__GIVEN INFORMATION__:
▬▬▬

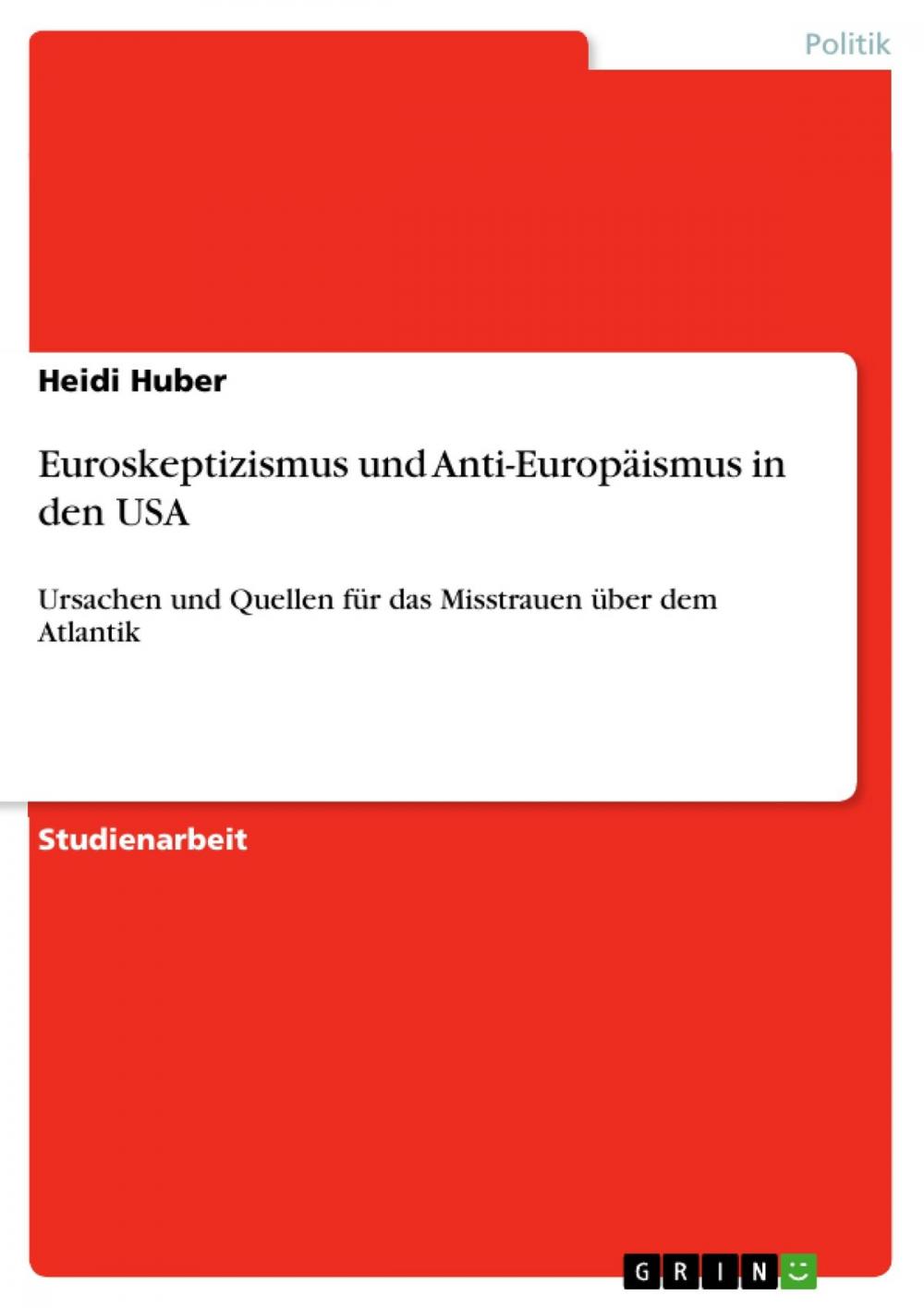 Big bigCover of Euroskeptizismus und Anti-Europäismus in den USA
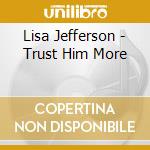 Lisa Jefferson - Trust Him More cd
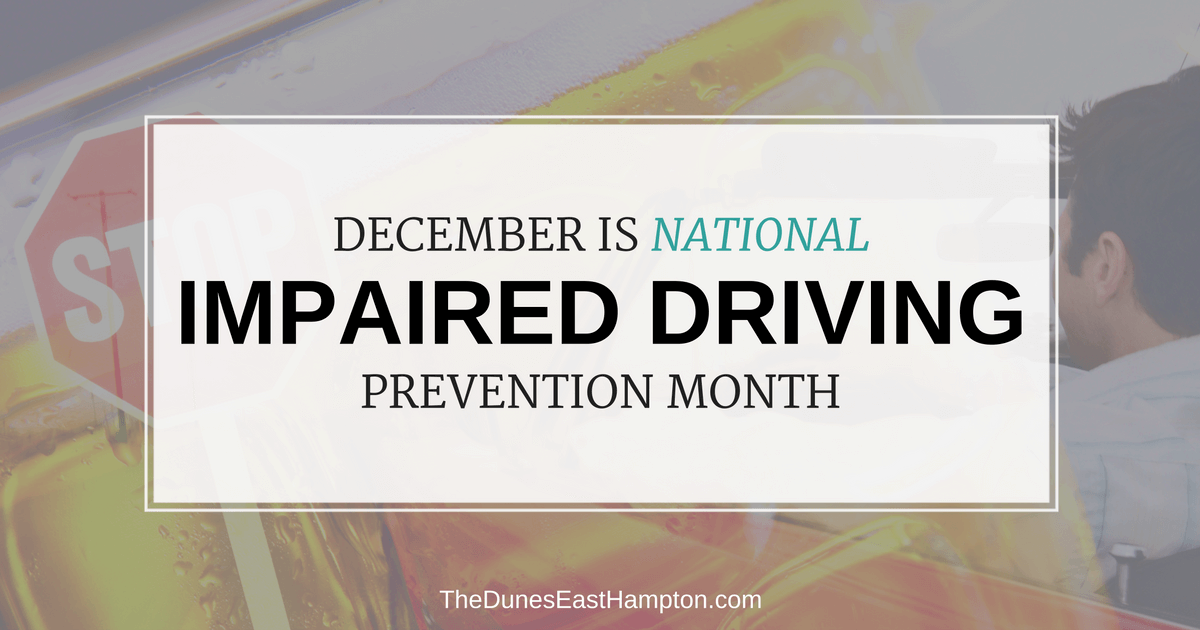 December Is National Impaired Driving Prevention Month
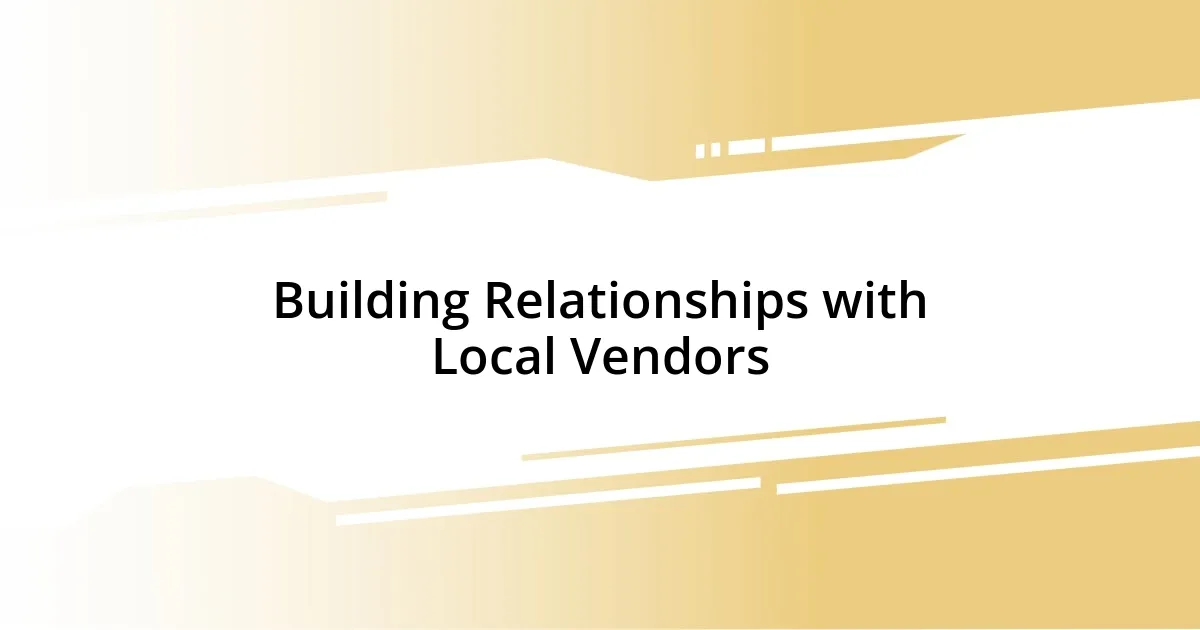 Building Relationships with Local Vendors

▬▬▬

__WHAT THE TASK ASKS__: Please reproduce only the lines from the one holding "Lisa Jefferson - Trust Him More cd" through the final line of the listing above, both included, with each picture left out.

__ANSWER SECTION__:
 Lisa Jefferson - Trust Him More cd
 December Is National Impaired Driving Prevention Month
 Building Relationships with Local Vendors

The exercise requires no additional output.